■ **WHAT THE EXERCISE ASKS**: Each entry should be given again exactly, with any image left out.
··· DATA FOR REVIEW ···
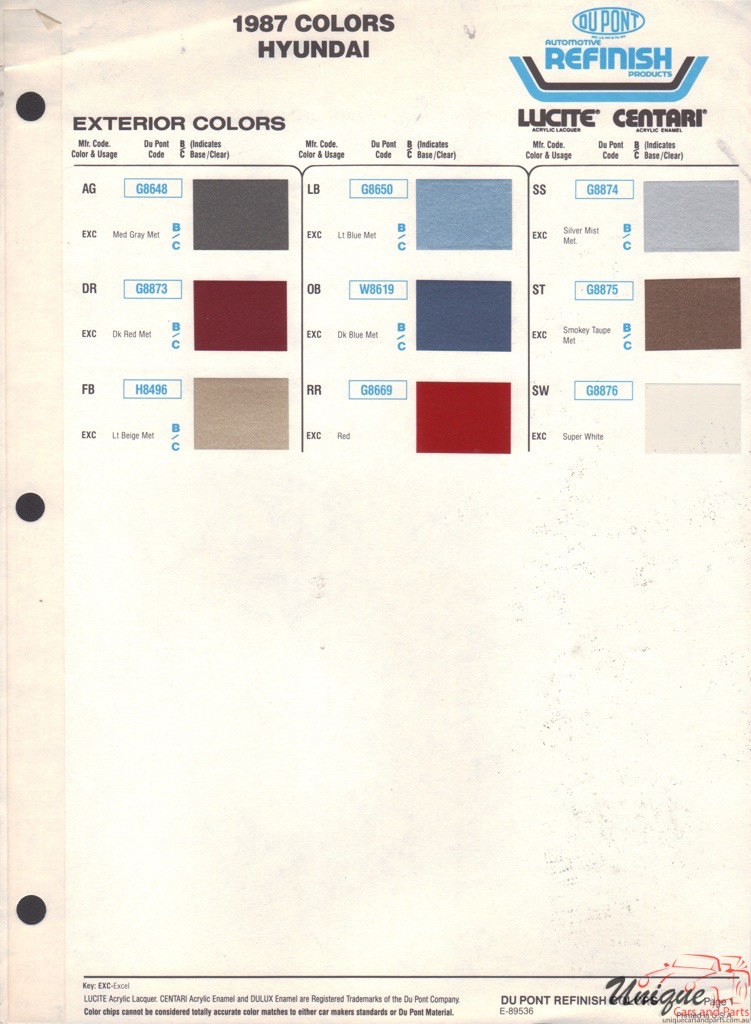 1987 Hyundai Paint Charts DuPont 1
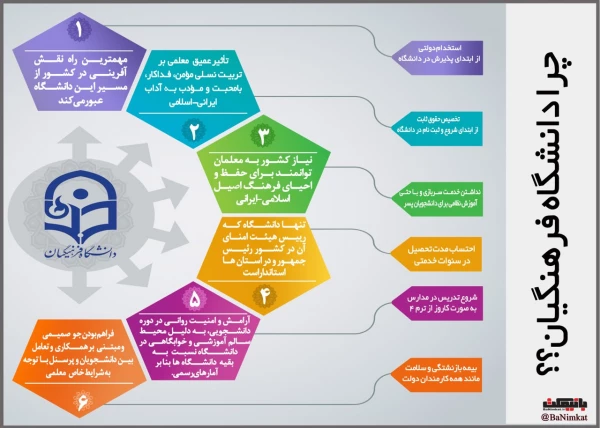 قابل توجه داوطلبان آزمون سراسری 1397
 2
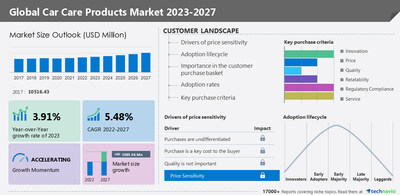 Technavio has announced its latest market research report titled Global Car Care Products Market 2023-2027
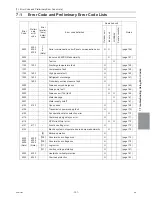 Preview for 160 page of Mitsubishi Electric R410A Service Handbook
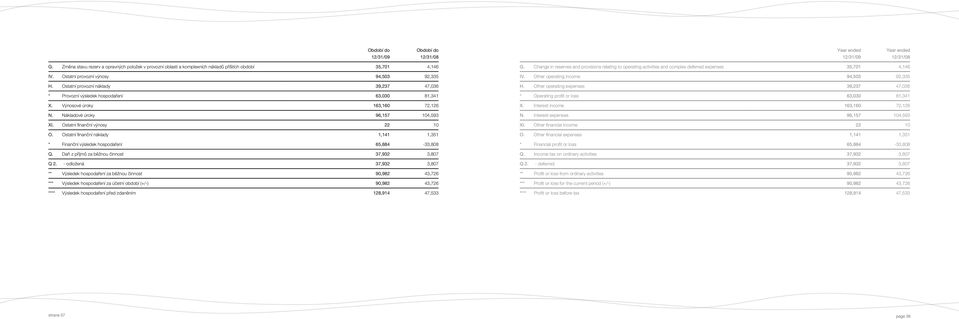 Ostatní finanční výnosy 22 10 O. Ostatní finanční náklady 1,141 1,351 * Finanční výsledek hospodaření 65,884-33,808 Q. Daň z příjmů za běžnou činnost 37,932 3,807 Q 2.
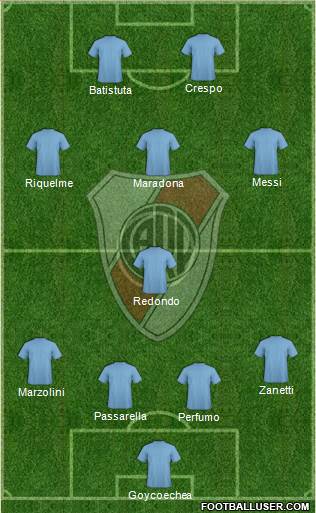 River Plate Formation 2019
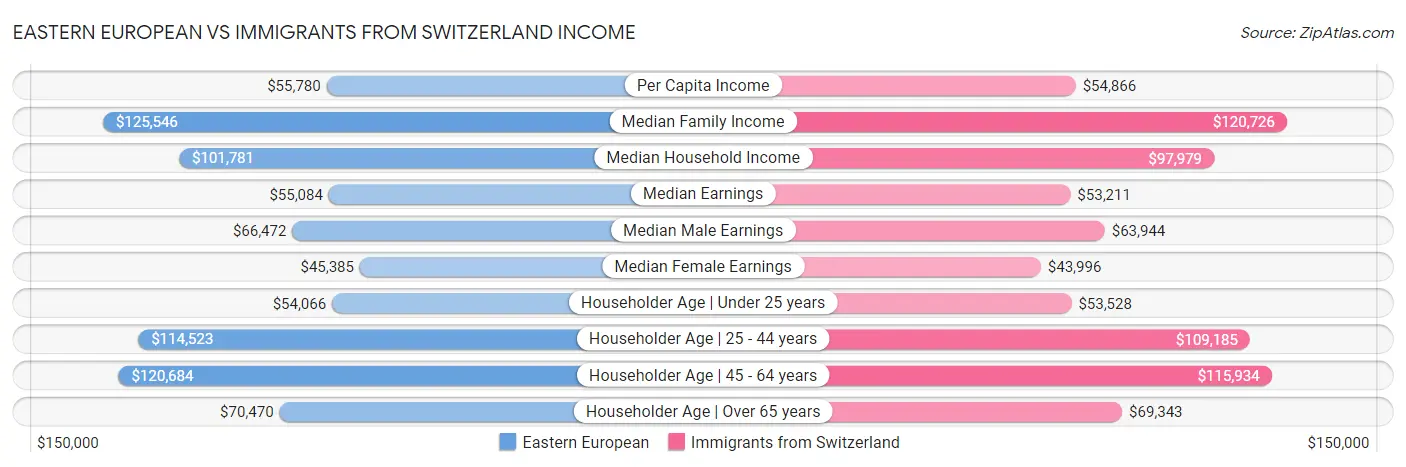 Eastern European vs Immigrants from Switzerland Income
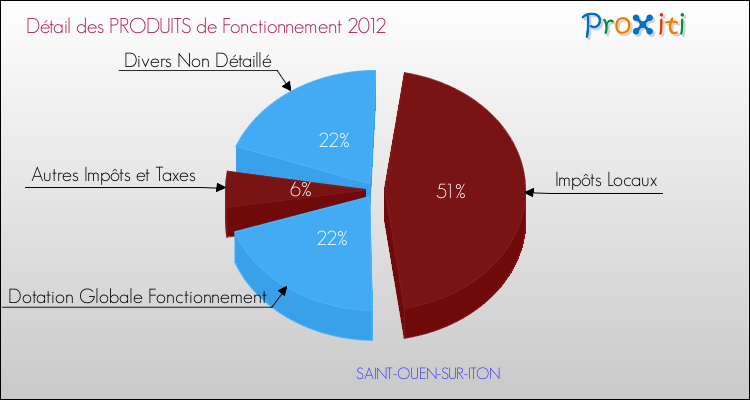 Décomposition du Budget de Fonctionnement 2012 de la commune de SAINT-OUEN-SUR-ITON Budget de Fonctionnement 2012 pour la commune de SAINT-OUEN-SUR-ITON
···
■ **RESPONSE TO THE EXERCISE**:
 1987 Hyundai Paint Charts DuPont 1
 قابل توجه داوطلبان آزمون سراسری 1397
 2
 Technavio has announced its latest market research report titled Global Car Care Products Market 2023-2027
 Preview for 160 page of Mitsubishi Electric R410A Service Handbook
 Ostatní finanční výnosy 22 10 O. Ostatní finanční náklady 1,141 1,351 * Finanční výsledek hospodaření 65,884-33,808 Q. Daň z příjmů za běžnou činnost 37,932 3,807 Q 2.
 River Plate Formation 2019
 Eastern European vs Immigrants from Switzerland Income
 Décomposition du Budget de Fonctionnement 2012 de la commune de SAINT-OUEN-SUR-ITON Budget de Fonctionnement 2012 pour la commune de SAINT-OUEN-SUR-ITON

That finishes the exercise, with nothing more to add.